La prophylaxie avant tout

La lutte contre D. suzukii commence par la mise en place de mesures prophylactiques. « On va mettre l'accent sur l'effeuillage. L'objectif est d'aérer la zone des grappes dès la fin de la nouaison, lorsque les petites baies sont en place », indique Marie-Noëlle Lauer, de la chambre d'agriculture d'Alsace. Les techniciens vont également informer sur la nécessité de bien maîtriser la vigueur et l'enherbement qui peut entretenir de l'humidité lorsqu'il est trop développé. En effet, les drosophiles apprécient la végétation dense et la rosée. « Il faut éviter toute blessure des grappes. En cas de vendange en vert, il ne faut pas laisser les raisins à terre. De même s'il faut trier les raisins à la parcelle lors des vendanges », précise Jacques Grosman, expert vigne à la DGAL. « Nous insistons sur une gestion en amont : maîtrise de la vigueur, effeuillage, entretien des sols. Mais on va quand même essayer des traitements comme le spinosad ou les argiles, afin d'acquérir des références », précise Pierre Petitot, de la chambre d'agriculture de la Côte-d'Or. Certains distributeurs vont aussi tester le piégeage de masse. À suivre...

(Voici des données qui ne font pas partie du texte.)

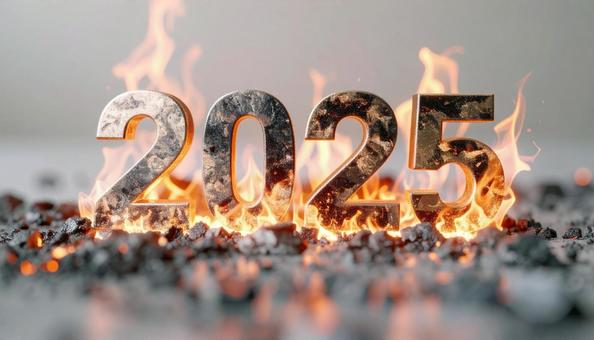 立体 数字 2025 炎上 立体 数字 2025 炎上の写真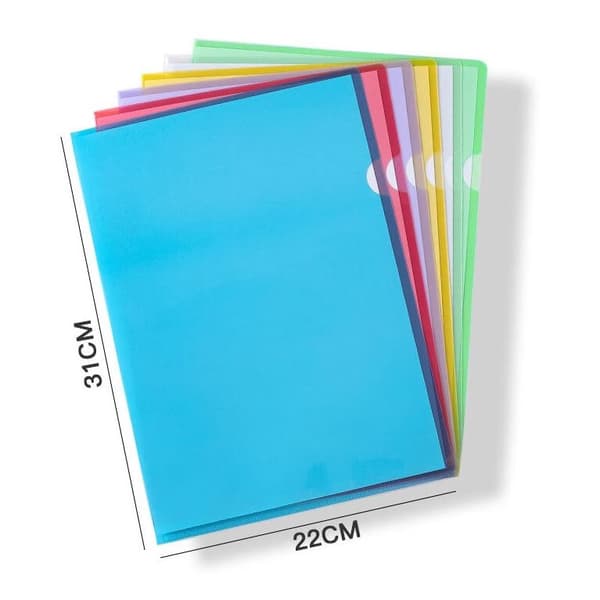 A4 Klar Plastmappe, 48 Plaststykker for Papir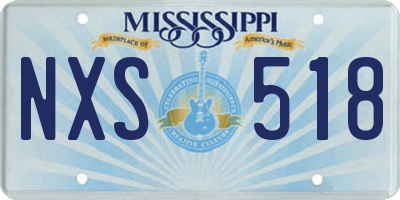 MS license plate NXS518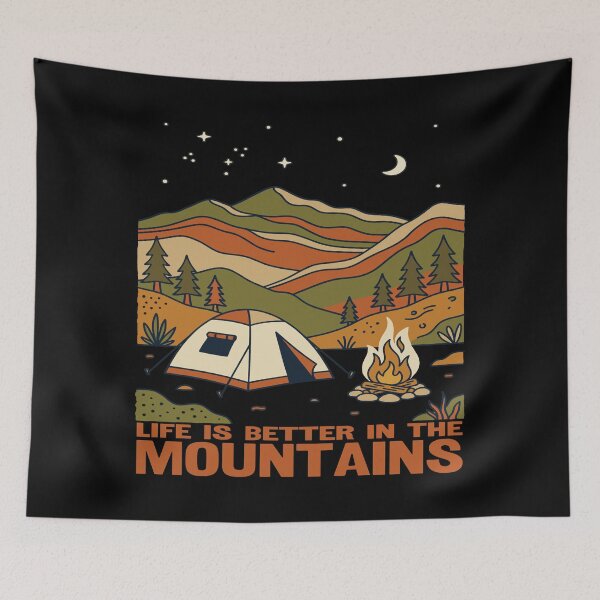 Item preview, Life Is Better In The Mountains. designed and sold by EunsooLee.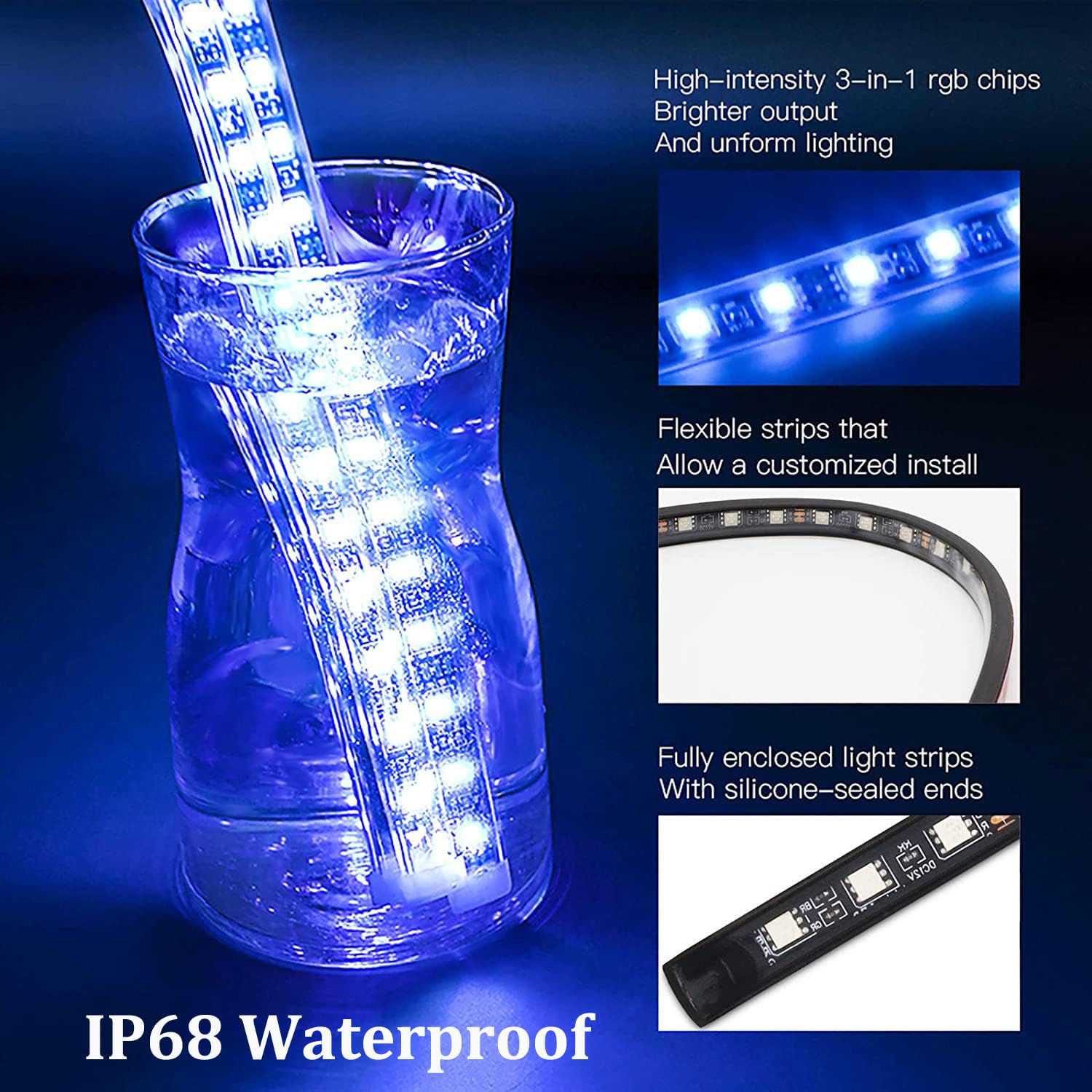 YUGUANG waterproof sealed tubing detail providing weather resistance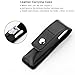 FAMILIFE L09 Stainless Steel Nail Clipper Catcher with Travel Leather Case for Men & Women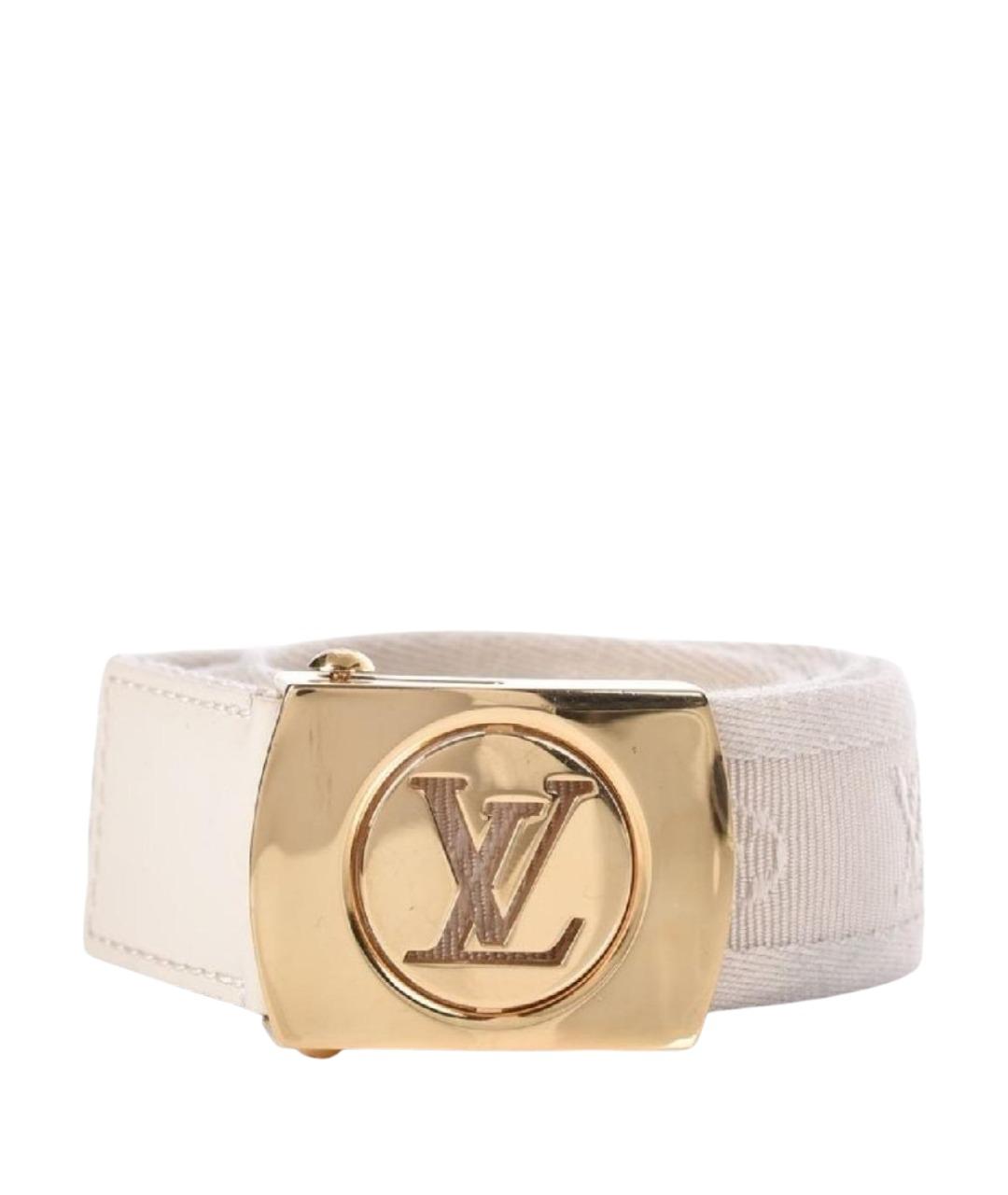 LOUIS VUITTON Бежевый ремень, фото 1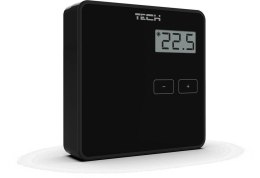 TECH STEROWNIKI Przewodowy dwustanowy regulator pokojowy Czarny ST-294v1 Tech sterowniki
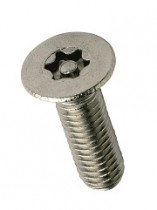 Countersunk 6-Lobe Pin Machine Screw A2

De fortes populations en sortie d'hiver

Courant avril, des quantités de D. suzukii ont été capturées par les pièges mis en place par le Domaine expérimental La Tapy, basé à Serres, dans le Vaucluse. « Dans les vignes, on peut piéger jusqu'à 200 individus par semaine. C'est du même ordre que l'an passé. Dans les vergers de cerisiers, le nombre est encore plus élevé. En fait, les piégeages ne se sont pas arrêtés durant l'hiver car les températures n'ont pas été assez basses », rapporte Catherine Reynaud, responsable des expérimentations phytosanitaires sur les raisins de table. A l'Inra de Bordeaux, Lionel Delbac confirme que le potentiel de mouches Suzukii est élevé. « Les producteurs de cerises et de fraises sont d'ores et déjà en alerte. Mais cela ne veut pas dire que l'on aura des problèmes en viticulture. Il peut encore se passer beaucoup de choses d'ici aux vendanges : si l'on a un été chaud et sec, la messe sera dite, car les températures dépassant 30 °C, provoquent une mortalité importante chez Suzukii. En revanche, si les conditions sont douces et humides, ce sera une autre histoire... »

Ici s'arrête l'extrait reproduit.